In the golden age of R-rated comedies—roughly, roughly 1975 through 1984—there was much to gladden the hearts of 14-year-old boys: National Lampoon’s Animal House, Caddyshack, Used Cars, Stripes. Now considered classics of the form, they all delivered on their promises of zany hijinks conducted by hopelessly immature boy-men—with many appearances by gratuitously topless women. It was a great time to be alive, if you were still in middle school and could manage to sneak into the theater with your buds.
But it all started going to hell with Porky’s, which just plain sucked, and then the ultimately lame Police Academy movies. Once those unimaginative series petered out, studios decided there was no more money to be made in the exploitation of hormonal, under-age-male ticket-buyers.
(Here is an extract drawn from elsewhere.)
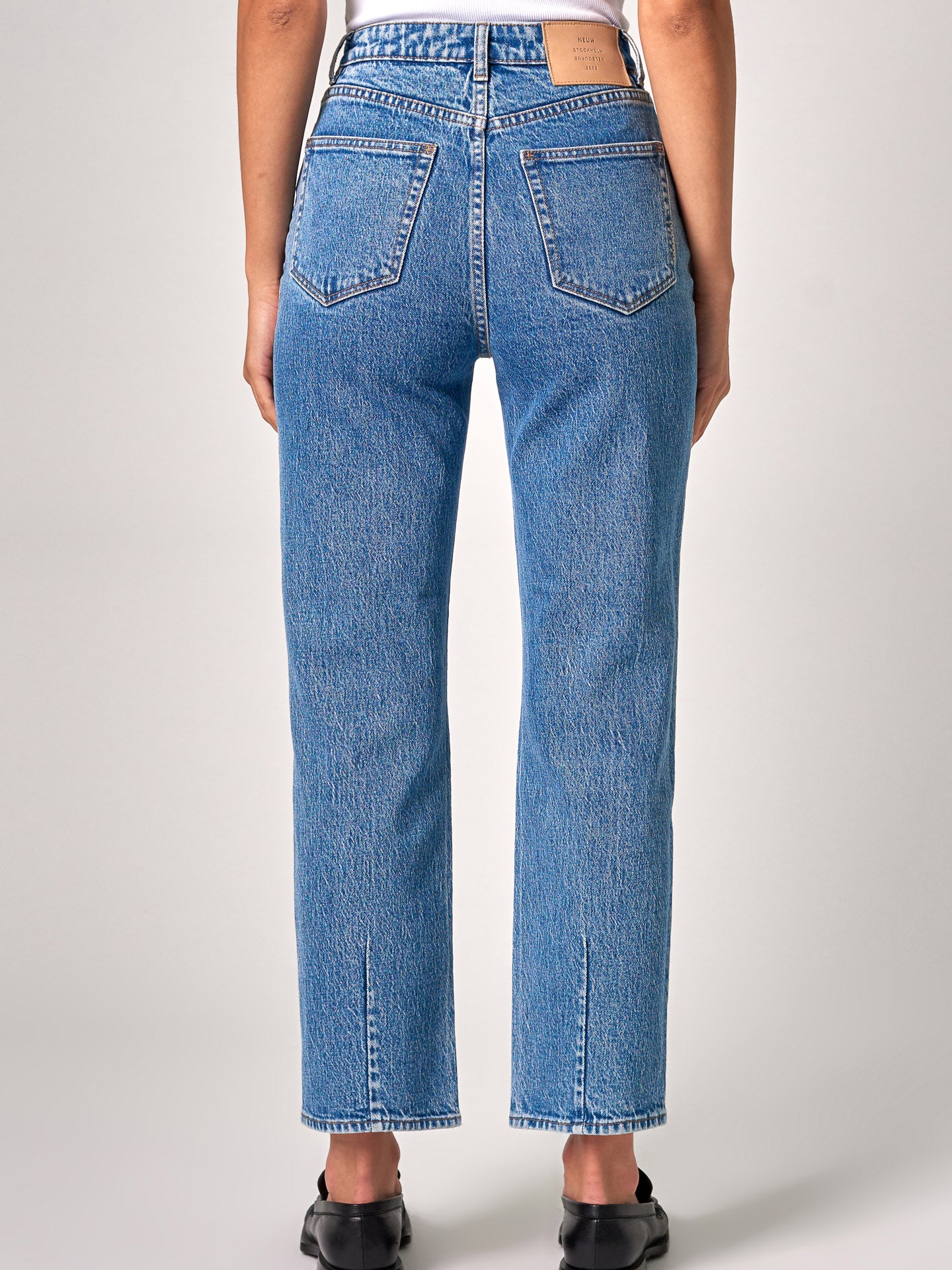 Nico Straight Jeans in Horizon Blue - Glue Store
Thus, the nation was plunged into a dark age of PG-13 dominance, and romantic comedies starring former sitcom actors would rule our movie screens for the next 20 years—a period of unspeakable horror.
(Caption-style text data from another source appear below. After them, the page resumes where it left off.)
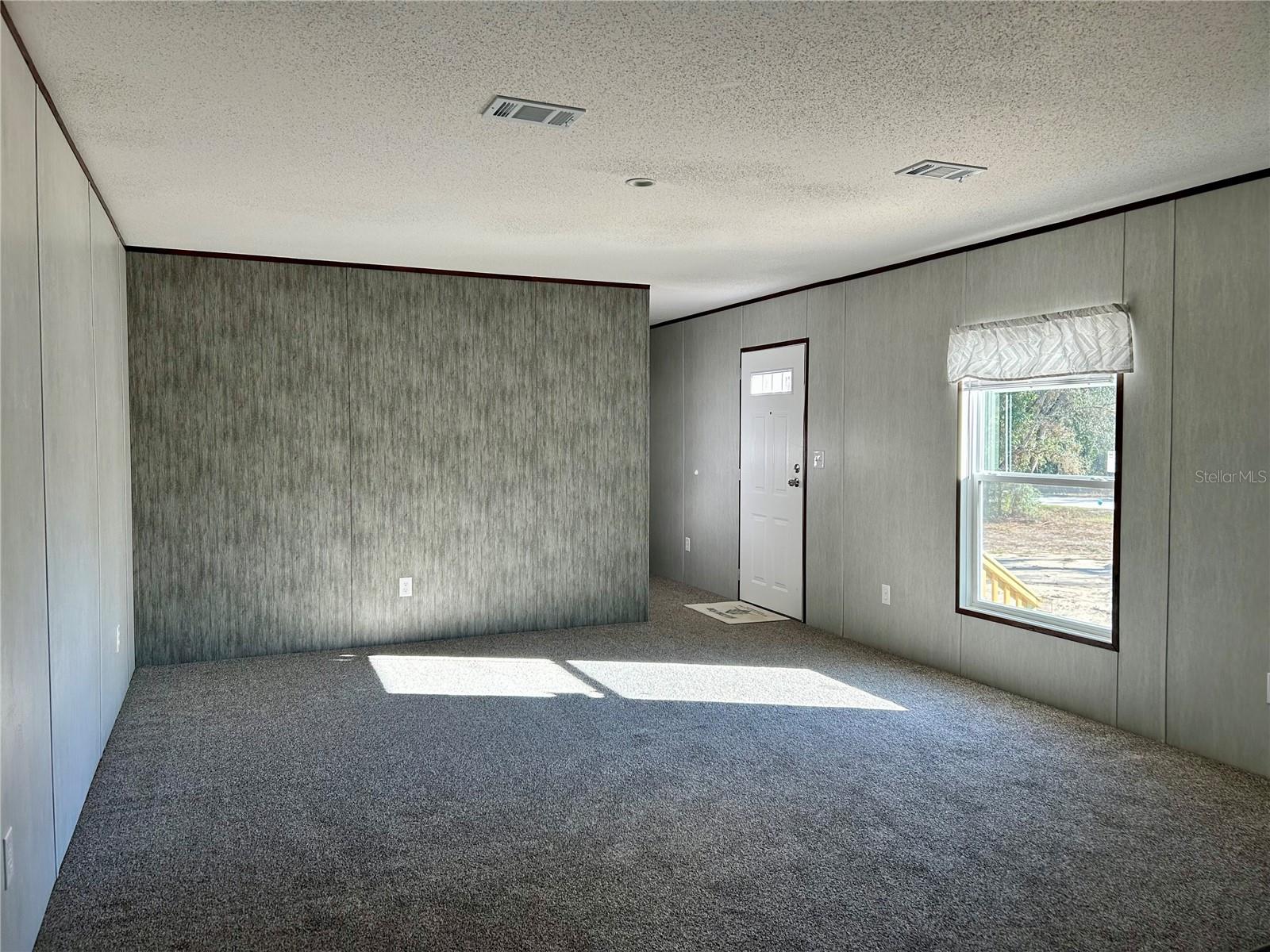 WILLISTON HLNDS 12 - Residential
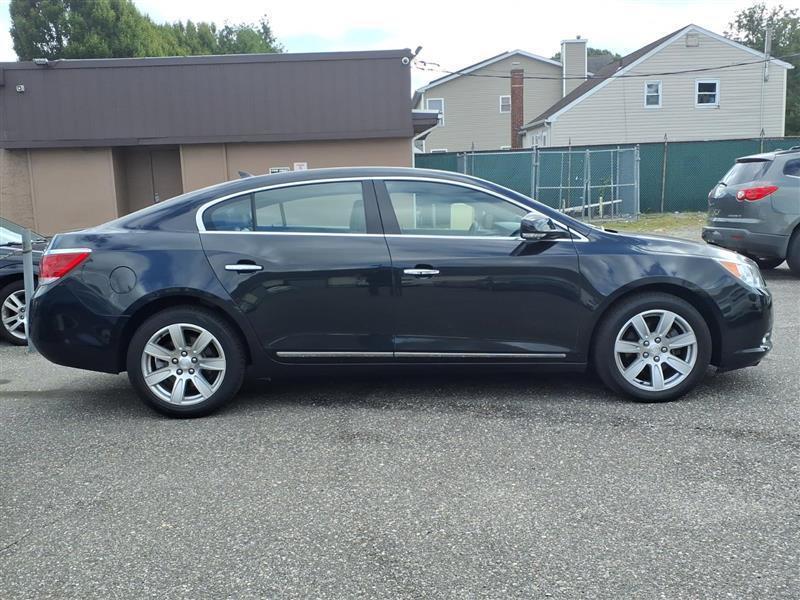 Buick LaCrosse CXL AWD 2010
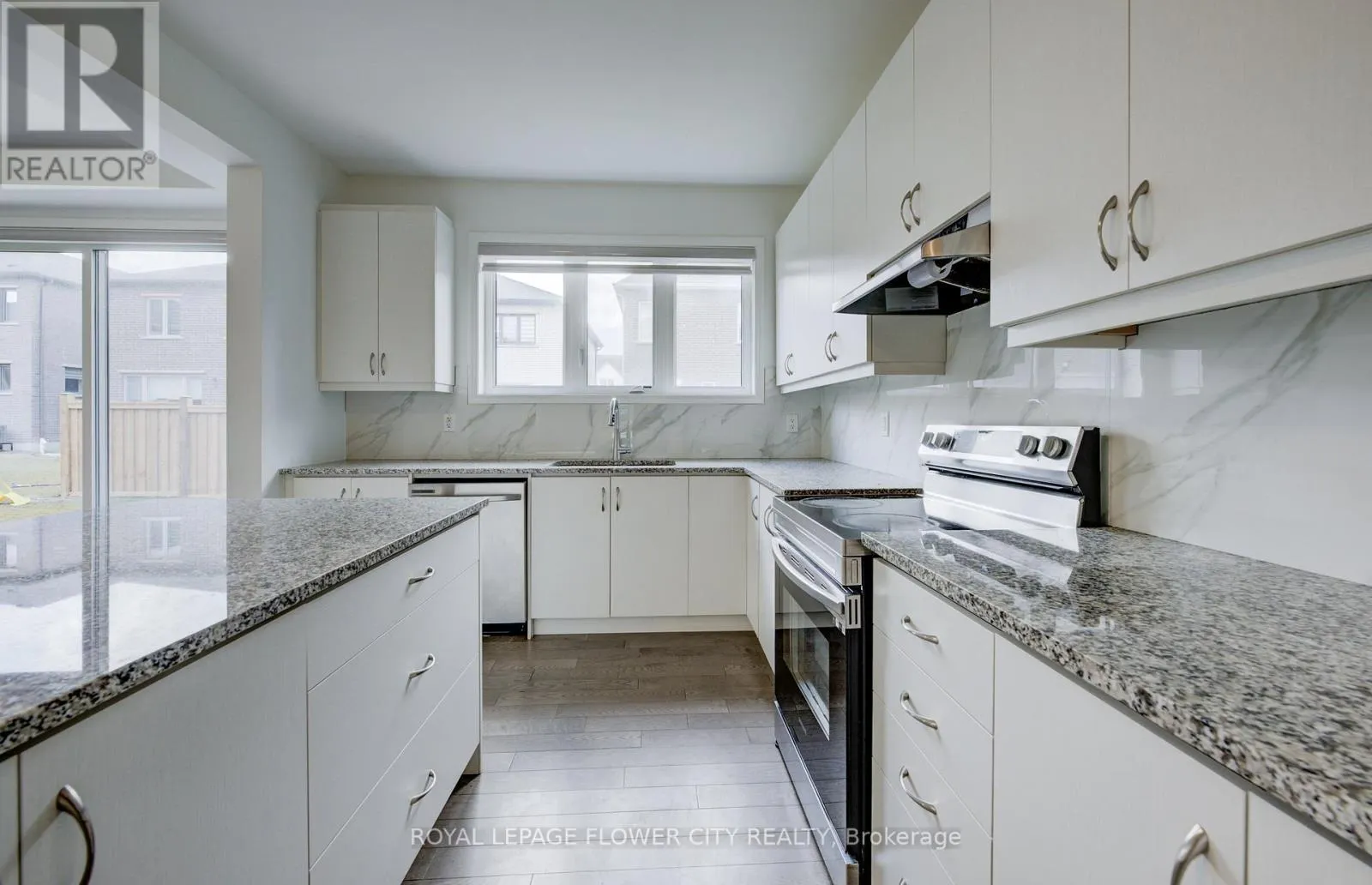 51 WILLIAM NADOR STREET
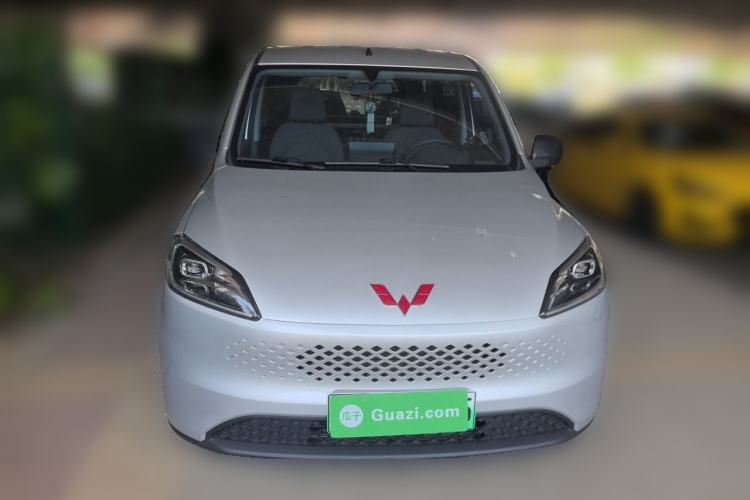 Used Wuling Hongguang New Energy 2025 Extended-Range Hybrid 50 km Standard Version Front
Thus, it’s been quite a relief to witness the resurgence of R-rated comedies—I’d much rather be offended by a movie for its content than its lack of content. American Pie, Old School, Wedding Crashers… they all pretty much stink, but at least it’s a pungent input compared to tasteless (in the sensory sense) non-experiences like Rumor Has It. Don’t you remember that one? Neither do I! But according to the Internet, it starred Jennifer Anniston and Mark Ruffalo, and was directed by former good director Rob Reiner. Likewise, does anyone have recollections of Just Like Heaven, Made of Honor, Music and Lyrics… Just… Married… The Holi—… zzzzzz. (Wha? Oh, sorry about that. Relentless mediocrity makes me sleepy.)
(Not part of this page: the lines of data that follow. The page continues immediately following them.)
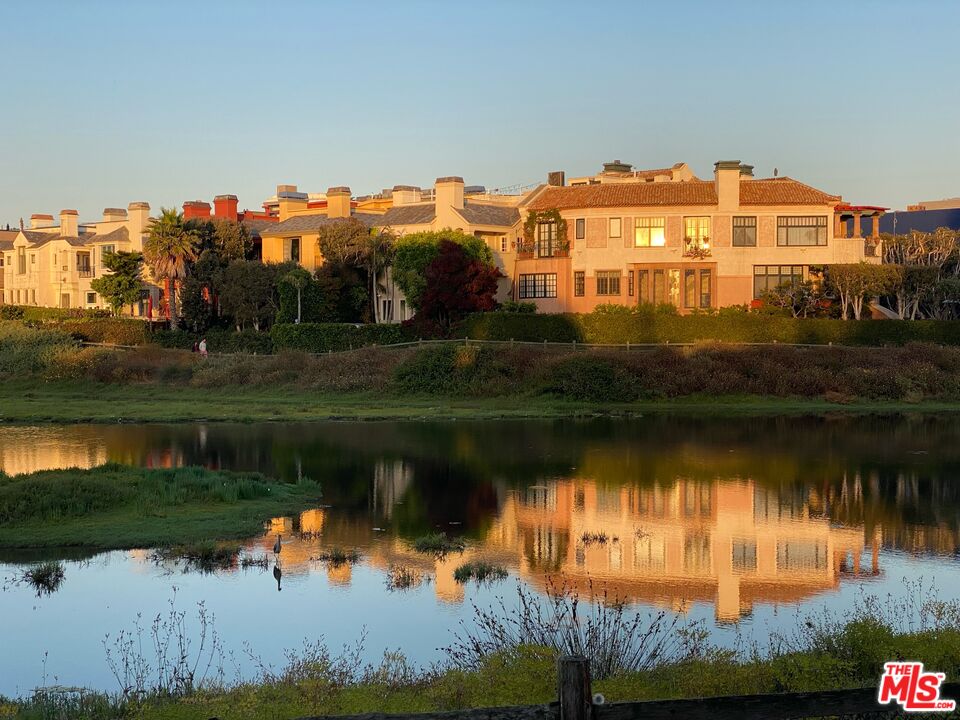 3933 Esplanade Unit: 1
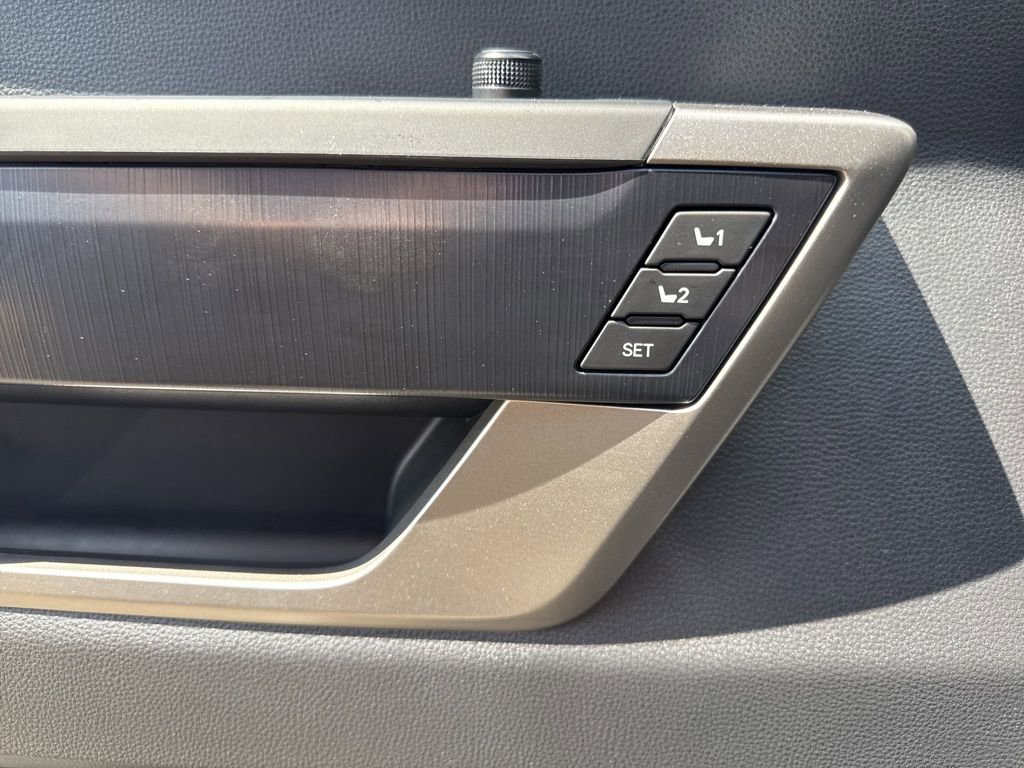 Used 2026 Toyota Sequoia Platinum image 11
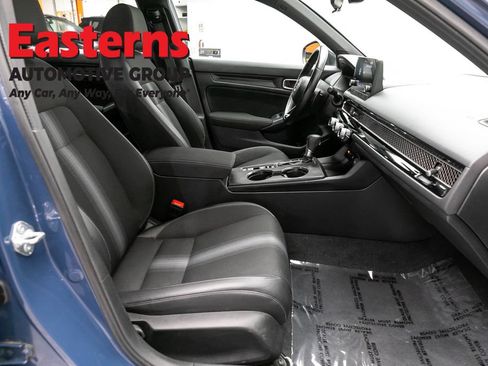 Used 2025 Honda Civic Sport image 24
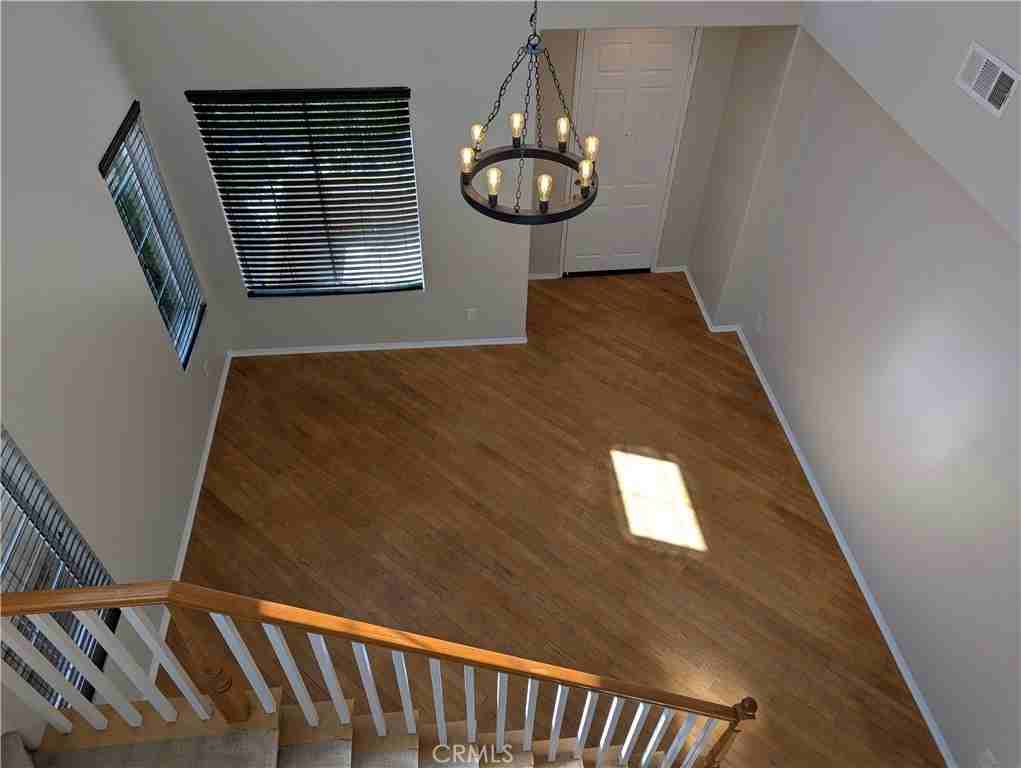 1142 Shorecrest Ln - Photo 5 of 14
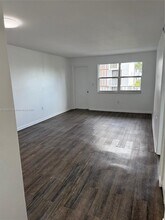 528 Meridian Ave in Miami Beach, FL - Building Photo - Building Photo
So I find it difficult to get very upset with Judd Apatow and his successful quest to make R-rated comedies interesting again. His movies don’t have much in the way of plot, or pacing, or thematic points, really. But they do have some funny moments that echo real life, and they can cause more than one genuine belly laugh in a single sitting. Pineapple Express, which he produced, continued in the Apatow tradition of The 40-Year-Old Virgin, Knocked Up, Superbad, Walk Hard, and Step Brothers. Which is to say that it’s a mixed bag of juvenile escapades perpetrated by guys who ought to be more grown-up by now—just like its ’70s predecessors (except without the nudity).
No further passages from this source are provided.